# SPDX-License-Identifier: Apache-2.0
# GeoPrior-v3
# Copyright (c) 2026-present
# Author: LKouadio <https://lkouadio.com>

"""
Read forecast reliability with ``plot_reliability_diagram``
===========================================================

This lesson explains how to use
``geoprior.plot.forecast.plot_reliability_diagram`` when you want a
direct visual answer to a simple question:

*Do the forecast probabilities or forecast quantiles behave like they
claim?*

Why this function matters
-------------------------
A probabilistic forecast is useful only when its probabilities are
trustworthy.

That trust can fail in two different ways:

- **quantile forecasts** may be too narrow or too wide, so a nominal
  90th percentile does not really contain about 90 percent of the
  observations below it,
- **probability forecasts** may look confident while systematically
  overpredicting or underpredicting event frequency.

This helper gives one of the clearest first-pass calibration checks in
the whole plotting stack.

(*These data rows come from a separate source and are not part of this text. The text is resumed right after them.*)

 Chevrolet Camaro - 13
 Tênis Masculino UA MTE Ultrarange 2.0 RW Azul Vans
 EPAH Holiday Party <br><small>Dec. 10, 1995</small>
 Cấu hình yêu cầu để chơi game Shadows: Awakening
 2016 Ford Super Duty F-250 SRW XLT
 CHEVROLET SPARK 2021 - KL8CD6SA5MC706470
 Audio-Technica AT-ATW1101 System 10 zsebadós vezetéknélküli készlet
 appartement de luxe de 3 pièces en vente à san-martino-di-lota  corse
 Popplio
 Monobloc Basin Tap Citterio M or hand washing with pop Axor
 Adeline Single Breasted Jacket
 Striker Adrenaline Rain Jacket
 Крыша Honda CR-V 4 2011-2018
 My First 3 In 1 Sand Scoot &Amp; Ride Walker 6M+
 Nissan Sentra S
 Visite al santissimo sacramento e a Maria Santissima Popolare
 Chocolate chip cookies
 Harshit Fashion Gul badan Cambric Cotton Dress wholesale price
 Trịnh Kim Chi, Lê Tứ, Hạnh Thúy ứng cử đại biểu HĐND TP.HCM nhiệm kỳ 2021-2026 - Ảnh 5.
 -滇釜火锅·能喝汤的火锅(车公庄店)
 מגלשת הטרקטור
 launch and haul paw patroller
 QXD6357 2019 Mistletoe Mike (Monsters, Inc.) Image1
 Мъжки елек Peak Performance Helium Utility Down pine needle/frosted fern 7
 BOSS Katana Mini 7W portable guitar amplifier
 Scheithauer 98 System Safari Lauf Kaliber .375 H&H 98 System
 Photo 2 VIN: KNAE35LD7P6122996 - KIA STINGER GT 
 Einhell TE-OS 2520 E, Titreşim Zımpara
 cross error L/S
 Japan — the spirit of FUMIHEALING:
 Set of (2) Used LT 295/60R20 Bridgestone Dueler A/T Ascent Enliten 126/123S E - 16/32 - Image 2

It accepts either:

- a forecast table with quantile columns such as
  ``subsidence_q10``, ``subsidence_q50``, ``subsidence_q90`` together
  with an actual column, or
- a forecast table with a direct probability column and a binary event
  column.

This page is written as a **teaching guide**, not only as an API demo.
We will start with the expected input layout, read a quantile-based
reliability diagram, then move to a direct probability example, and end
with a short checklist for adapting the helper to your own saved
forecast table.
"""

import matplotlib.pyplot as plt
import numpy as np
import pandas as pd

from geoprior.plot.forecast import plot_reliability_diagram

pd.set_option("display.max_columns", 20)
pd.set_option("display.width", 110)
pd.set_option(
    "display.float_format",
    lambda v: f"{v:0.4f}",
)


# %%
# What this function expects
# --------------------------
#
# ``plot_reliability_diagram`` works on one or more forecast tables.
# The accepted input styles are flexible:
#
# - one DataFrame,
# - multiple DataFrame arguments,
# - a list of DataFrames,
# - or a dict that maps model names to DataFrames.
#
# The helper supports **two workflows**:
#
# 1. **quantile reliability**
#
#    You provide:
#
#    - ``quantiles=[...]``
#    - ``q_prefix='subsidence'`` (or another prefix)
#    - ``actual_col='subsidence_actual'``
#
#    Then the function looks for columns such as
#    ``subsidence_q10``, ``subsidence_q50``, and so on.
#
# 2. **probability reliability**
#
#    You provide:
#
#    - ``prob_col='p_event'``
#    - ``actual_col='event_flag'``
#
#    Then the function bins the probability forecasts and compares the
#    empirical event rate to the nominal probability scale.
#
# A simple reading rule is:
#
# - curves closer to the diagonal indicate better calibration,
# - curves systematically above or below the diagonal indicate bias or
#   miscalibration,
# - and reliability should be read together with sharpness-oriented
#   tools such as WIS or interval-width plots, not in isolation.


# %%
# Build a small quantile-forecast example
# ---------------------------------------
#
# We begin with a quantile-based forecast table because it is the most
# common calibration situation in subsidence and related forecasting
# workflows.
#
# We create two model behaviours:
#
# - one forecast with a reasonable spread,
# - one forecast that is too narrow and slightly biased upward.
#
# Both use the same nominal quantile levels so the comparison is fair.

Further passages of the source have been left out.